Scalable Synthesis of Few-Layer MoS2 Incorporated into Hierarchical Porous Carbon Nanosheets for High-Performance Li- and Na-Ion Battery Anodes

It is still a challenging task to develop a facile and scalable process to synthesize porous hybrid materials with high electrochemical performance. Herein, a scalable strategy is developed for the synthesis of few-layer MoS2 incorporated into hierarchical porous carbon (MHPC) nanosheet composites as anode materials for both Li- (LIB) and Na-ion battery (SIB). An inexpensive oleylamine (OA) is introduced to not only serve as a hinder the stacking of MoS2 nanosheets but also to provide a conductive carbon, allowing large scale production. In addition, a SiO2 template is adopted to direct the growth of both carbon and MoS2 nanosheets, resulting in the formation of hierarchical porous structures with interconnected networks.
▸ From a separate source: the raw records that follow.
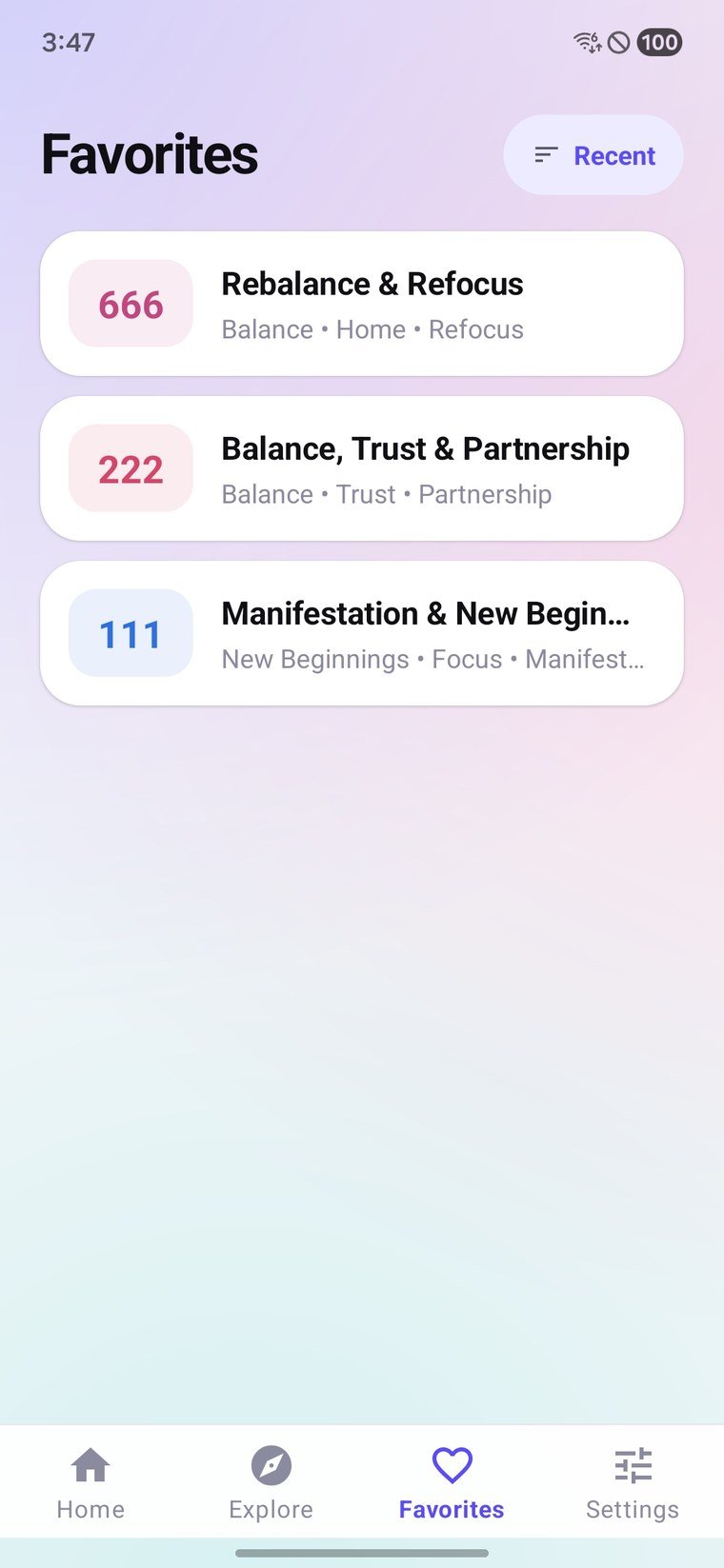 Save the ones you care about. Screenshot of the Angel Numbers app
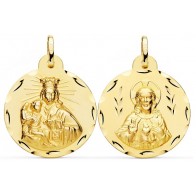 Médaille Scapulaire de la Vierge du Mont-Carmel & Christ Sacré-Coeur ciselée (Or jaune)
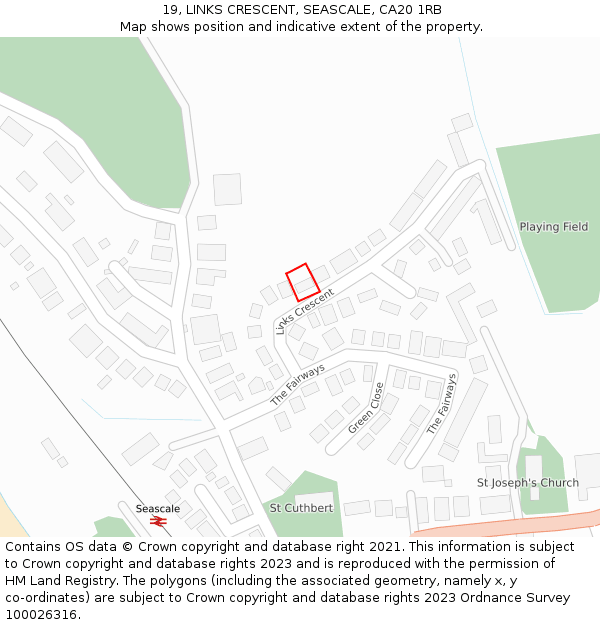 19, LINKS CRESCENT, SEASCALE, CA20 1RB: Location map and indicative extent of plot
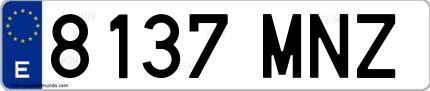 Ejemplo de matrícula española 8137 MNZ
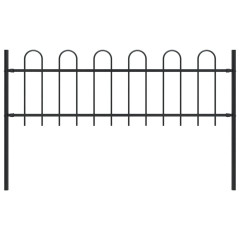 OMAXI Zahradní plot s obloučky ocelový 1,8 m černý 586953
Due to these unique features, the as-obtained MHPC shows substantial reversible capacity and very long cycling performance when used as an anode material for LIBs and SIBs, even at high current density. Indeed, this material delivers reversible capacities of 732 and 280 mA h g(-1) after 300 cycles at 1 A g(-1) in LIBs and SIBs, respectively. The results suggest that these MHPC composites also have tremendous potential for applications in other fields.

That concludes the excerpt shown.